After re-reading your comments, I realize that we're actually talking about slightly different things, and neither of us is being specific.
Professional graphics software is designed to work with data that is linear. This requires professional operators who maintain a carefully calibrated set of input devices and output devices. All image files that come from film or digital sources must be converted to pure linear, and only processed in linear, then converted with the gamma of the output device. In this world, 2.2 is only used when sending linear data to a CRT. A different gamma would be used for printing, but again the assumption is that everything starts with linear data in the files.
The professional world used to be the end of the story. With the explosion of the web, more non-professionals were creating image content. More importantly, the vast majority of viewers were looking at the web on monitors that were never calibrated, using an operating system (Windows) which did not have professional color management abilities. Unfortunately, the result of this is that the standard practice became to author image files with the gamma of the monitor built in, thus minimizing the errors.
So, you actually have two standards. Linear data is expected by professional software, and is used by professionals at all stages of their work flow for source images. Non-linear data is used for image files that are intended for web distribution. Thus, we're both right, because there are really two standards.
The problem is that you cannot expect to grab an image file off the web and be able to scale it in professional imaging software without accounting for the built-in gamma used for web distribution.
One happy advancement in the industry is that now images can carry around a description of their linear or non-linear status. What should happen in these cases is that image editing software should use the supplied color management tags to convert the image to linear format before any scaling is done.
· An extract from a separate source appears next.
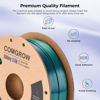 Picture of Tri-Colors Silk PLA 3D Printer Filament, Rainbow PLA Filament 1.75mm, Dimensional Accuracy +/- 0.02 mm, 1KG Spool, Coextrusion 3D Filament with Shiny Silk Copper-Green-Purple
Theoretically, this should solve the problem of not knowing whether the image file is a professional source image (linear) or one intended for web distribution (non-linear).
I fully understand the science that you're trying to explain, as I developed commercial monitor calibration software for NEXTSTEP, the precursor to Mac OS X. The only place we disagree is whether the file "should" be linear. The answer is that it depends upon whether you're talking about files for editing or files for distribution. As I explained above, the graphics software that is being criticized is not designed to edit files authored for distribution - at least not unless they're tagged properly with their embedded gamma.